Le partenariat stratégique dans la réalité

Qu’attendaient exactement la Russie et la Chine du traité de 2001 ? Un examen détaillé du document révèle que les deux partenaires stratégiques cherchaient avant tout à garantir la durabilité de leur coopération, le développement de leurs liens là où ils s’avéraient insuffisants et la résolution des problèmes existants((10). Contrairement aux déclarations conjointes au ton plus optimiste de l’époque Eltsine, déclarations qui envisageaient la création d’un ordre mondial multipolaire ainsi qu’une amélioration substantielle de la coopération économique sino-russe, le traité d’amitié de 2001 fixe des objectifs plutôt modestes en matière de coopération internationale. L’article 12 engage les deux parties à « s’efforcer ensemble de préserver l’équilibre stratégique et la sécurité au niveau mondial », et l’article 13 engage les deux signataires à « s’efforcer de consolider la position de l’ONU en tant qu’organisation la plus compétente et la plus universelle pour gérer les affaires internationales ». Dans l’article 16, la Russie et la Chine s’engagent à renforcer leur coopération dans de nombreux domaines, notamment le commerce, la technologie militaire, l’énergie, les transports, l’énergie nucléaire, la finance, l’aviation, l’espace et l’électronique.

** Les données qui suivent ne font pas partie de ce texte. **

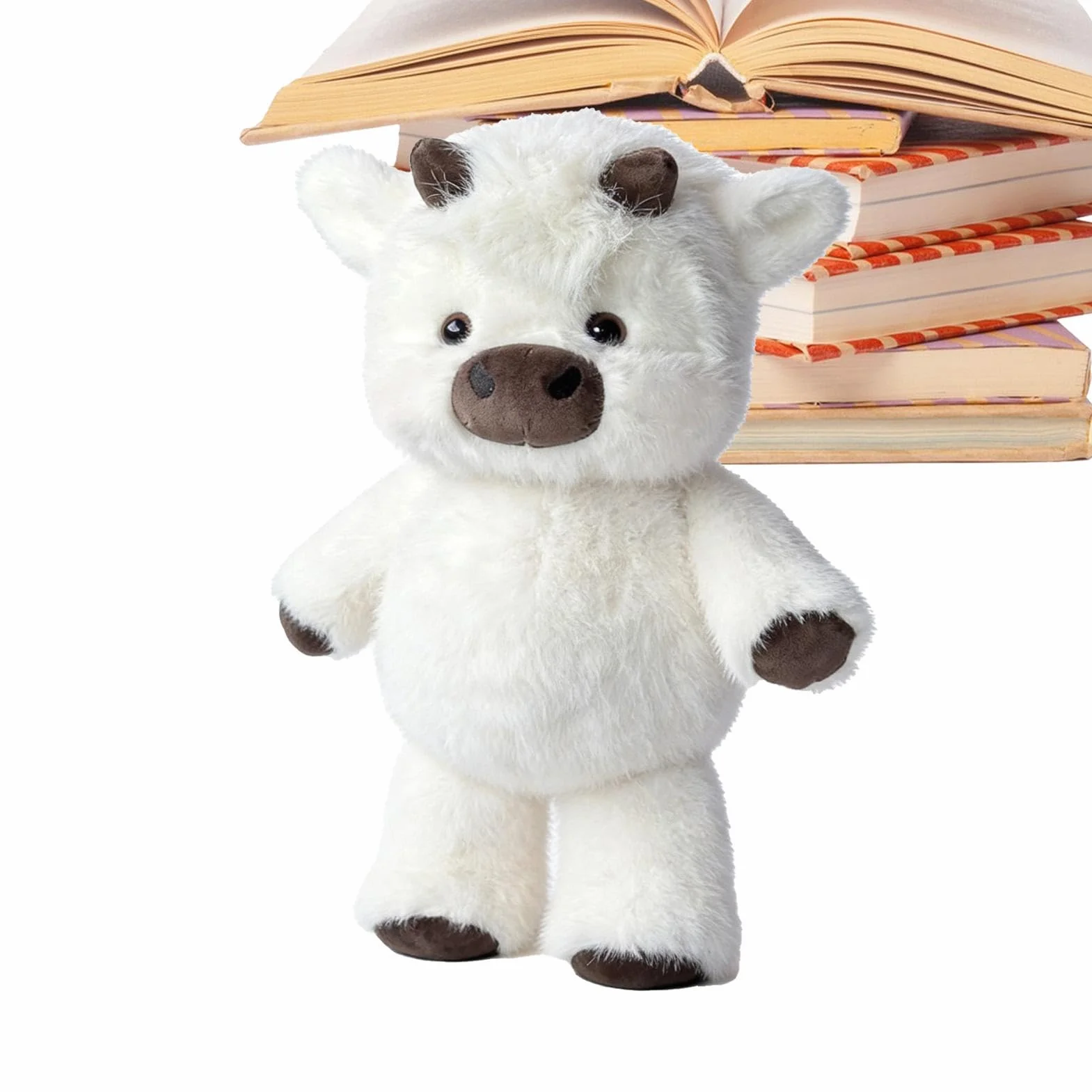 Cute Huggables Cow, Soft Stuffed Animal, 17.7inch Plush Toy with Fuzzy Texture, Resilient Cotton Cattle Doll, Adorable Figure with Realistic Style, Nursery Toy for Boys Girls and Bedroom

Avant que les attaques terroristes anti-américaines du 11 septembre 2001 ne viennent modifier cette géométrie triangulaire en rapprochant les Etats-Unis de la Russie, le partenariat stratégique sino-russe avait prouvé son efficacité sur le plan géopolitique. Les dirigeants russes et chinois partageaient le même point de vue sur les grandes questions internationales, et s’opposaient à la politique suivie par les Etats-Unis, notamment sur les questions de défense nationale et de défense anti-missiles, sur l’expansion de l’OTAN, sur l’intervention dans le conflit du Kosovo ainsi que sur une éventuelle action militaire contre l’Irak.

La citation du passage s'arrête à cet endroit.